5 key lessons in change management
Posted by Louis D'hondt on 02/09/2016
“The only human being crying for change is a baby with a wet diaper”
The success of a software implementation is determined by both the quality of the solution and the acceptance of it. There are no exceptions to this rule. The same holds true for transport planning tools as well. If you have ever had to deal with transport planning, you will know that the complexity of the ‘Vehicle Routing Problem’ (VRP) is not to be underestimated. Academics recognize it as an ‘NP-complete’ problem, implying that even the biggest brainiacs don’t have a solution at hand. While the algorithm and the development of the tool itself demand an extreme amount of effort and attention, the impact on the people who will use the tool is equally important.
Ready for change?
When change lies ahead, people conduct a risk assessment – whether consciously or not. The outcome of that assessment is influenced by a whole series of factors, such as the person’s mood, performance and position at work and self-esteem. The more scarce the information that is shared, the more people feel they have to take a leap of faith. Therefore, for a smooth implementation of change, it is crucial to convey the right message and provide accurate information.

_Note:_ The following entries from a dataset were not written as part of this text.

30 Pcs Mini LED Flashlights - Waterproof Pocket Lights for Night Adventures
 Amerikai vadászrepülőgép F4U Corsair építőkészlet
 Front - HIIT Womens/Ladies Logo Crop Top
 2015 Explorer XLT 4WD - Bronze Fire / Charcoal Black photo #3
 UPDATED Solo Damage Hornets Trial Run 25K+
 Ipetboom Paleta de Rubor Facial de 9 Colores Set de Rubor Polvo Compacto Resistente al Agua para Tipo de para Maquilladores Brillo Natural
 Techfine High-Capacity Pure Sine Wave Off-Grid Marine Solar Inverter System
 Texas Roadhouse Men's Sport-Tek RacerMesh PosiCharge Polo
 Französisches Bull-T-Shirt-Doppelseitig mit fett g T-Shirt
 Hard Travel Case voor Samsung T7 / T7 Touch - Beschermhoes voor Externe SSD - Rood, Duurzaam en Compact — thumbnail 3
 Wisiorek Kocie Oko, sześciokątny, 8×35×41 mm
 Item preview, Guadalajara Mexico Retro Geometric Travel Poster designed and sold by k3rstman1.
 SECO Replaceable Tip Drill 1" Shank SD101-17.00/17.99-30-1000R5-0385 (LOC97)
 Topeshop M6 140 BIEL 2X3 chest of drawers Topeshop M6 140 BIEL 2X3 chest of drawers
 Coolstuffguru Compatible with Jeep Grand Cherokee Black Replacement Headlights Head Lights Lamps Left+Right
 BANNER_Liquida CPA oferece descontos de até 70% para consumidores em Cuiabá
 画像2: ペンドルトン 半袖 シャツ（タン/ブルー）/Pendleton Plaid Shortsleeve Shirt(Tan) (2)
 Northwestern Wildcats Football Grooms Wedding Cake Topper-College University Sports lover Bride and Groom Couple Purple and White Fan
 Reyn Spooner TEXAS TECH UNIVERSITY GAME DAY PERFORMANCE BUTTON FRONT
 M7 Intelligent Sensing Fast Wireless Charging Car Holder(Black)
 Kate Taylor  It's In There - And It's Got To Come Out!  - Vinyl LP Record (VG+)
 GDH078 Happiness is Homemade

A project consists of multiple stakeholders and progresses through a series of steps. Each step demands structured and fluent communication between all parties. We list five key takeaways for successful change communication below.
1. There is ‘noise’ in every communication activity
There is always one person transmitting the message and another one receiving it. Those two people might (and probably will) interpret the message in a totally different way. For example, a manager saying ‘We are investing in a state-of-the art planning tool’ might be interpreted by planners as meaning ‘We won’t need you anymore’. Putting yourself in the other person’s shoes and scanning all subjective variables is essential for good communication.
2. It’s a matter of trust
Besides the content of the message itself, the person conveying it needs a significant amount of credibility. In addition to being trustworthy and dependable, he or she also needs experience, must be supportive when necessary and must have enough authority to resolve conflicting objectives. In addition to information and support, trust is needed to turn the various stakeholders into true ambassadors of the project.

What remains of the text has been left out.